L’armée tchadienne, souvent sollicitée par les pays voisins et les partenaires occidentaux, est une pièce maitresse du dispositif contre le terrorisme au Sahel. Mais sa cohésion générale est faible: les tensions communautaires et les problèmes d’indiscipline y sont récurrents et, plus récemment, de nouvelles dissensions ont émergé en son sein. La question de l’armée se pose, avec davantage d’acuité aujourd’hui, car le Tchad va traverser une période d’incertitude, avec à court terme une élection présidentielle organisée en 2021, dans un climat social tendu, et, à moyen ou long terme, des risques de succession violente si le président devait quitter le pouvoir.

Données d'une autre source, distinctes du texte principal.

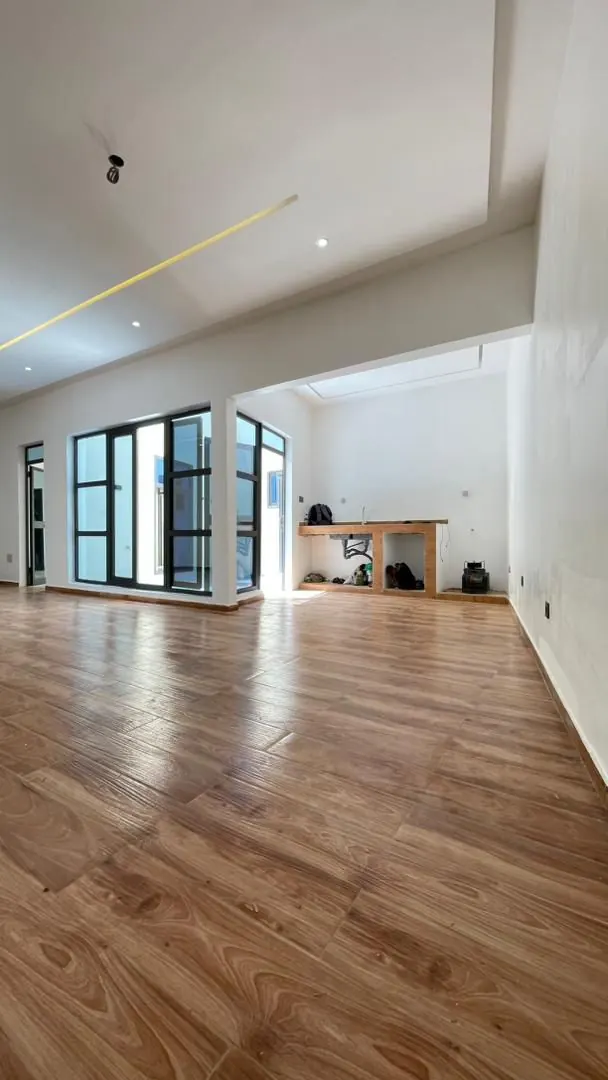 Mini villa duplex 3 chambres en vente à Zanguéra Afiadégnígban – 30 millions FCFA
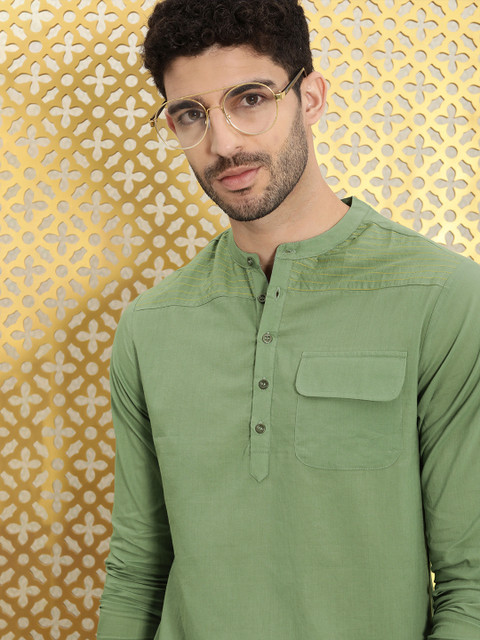 

Ode by House of Pataudi Men Green Thread Work Kurta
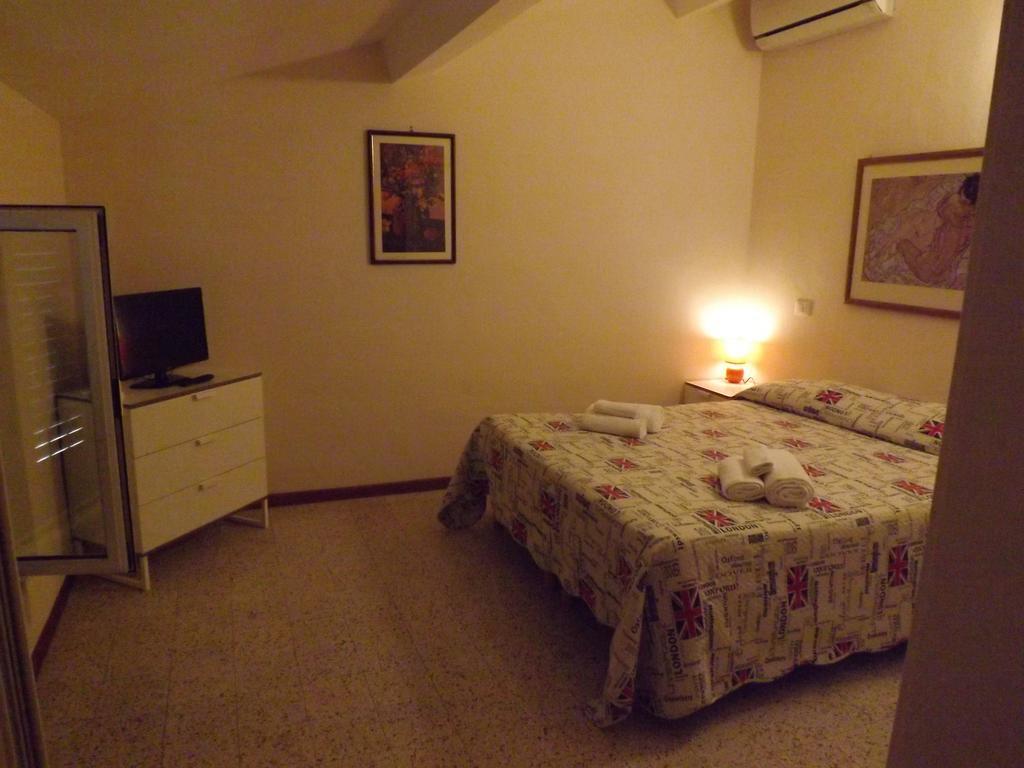 B&B Central Toma Montecatini Terme Eksteriør billede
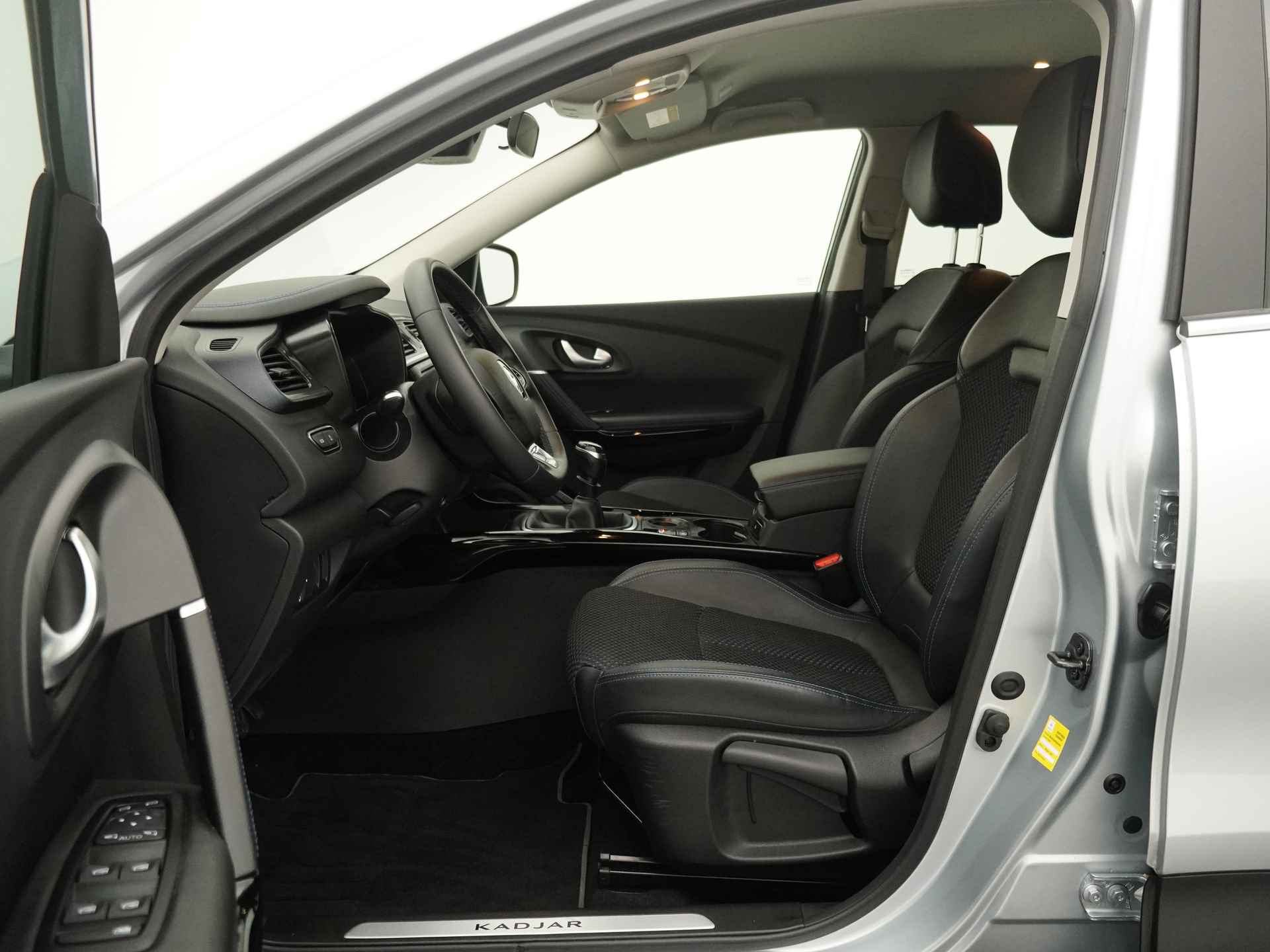 Renault Kadjar 1.3 TCe Zen - Navigatie - Climate Control - Camera - Cruise Control - 12 maanden BOVAG garantie - 18/48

“L’armée du Tchad joue un rôle central dans le dispositif international de lutte contre le terrorisme au Sahel, mais, elle est en même temps une source d’instabilité potentielle pour ce pays. Les différences de traitement entre les troupes d’élite et les autres soldats ainsi que le manque de représentativité régionale et ethnique aux postes de commandement minent sa cohésion. Par ailleurs, ces dernières années, des dissensions inhabituelles ont vu le jour. Certains officiers ont, en effet, refusé de combattre leurs “parents” rebelles et d’autres, certes, peu nombreux, ont publiquement critiqué la gestion des affaires militaires. De nombreux Tchadiens s’inquiètent des risques de succession violente et de luttes au sein d’une armée divisée si le président Idriss Déby Itno, âgé de 68 ans, devait quitter le pouvoir. (…) En revanche, si l’armée est conquérante à l’étranger, elle est loin d’être un facteur d’unité nationale sur son territoire. La volonté affichée par le président Déby à son arrivée au pouvoir en 1990 de créer une armée nationale et professionnelle ne s’est jamais concrétisée”, pointe le rapport. Selon le document, au cours des 30 dernières années, les autorités ont, certes, mené plusieurs réformes, mais, aucune n’a permis une réelle restructuration des forces de sécurité et de défense, qui demeurent organisées sur des bases communautaires. Par ailleurs, l’absence de méritocratie ainsi que le fossé entre les troupes d’élite (dirigées essentiellement par des membres de la communauté du président) mieux formées, mieux équipées, mieux rémunérées et le reste des soldats, nettement moins considérés par le pouvoir, sape la cohésion de l’armée. “Cette situation provoque un fort sentiment d’injustice et la frustration de nombreux soldats”, relève-t-il. A ces maux vient se greffer une réputation sulfureuse caractérisée par les abus fréquents, les cas de corruption et d’impunité de certains soldats perçus comme proches du pouvoir. Le rapport n’a pas occulté des faits de trafics de tout genre attribués à certains généraux de l’Armée. L’exemple le plus frappant concerne l’affaire de trafic de stupéfiants qui a  défrayé la chronique en 2020.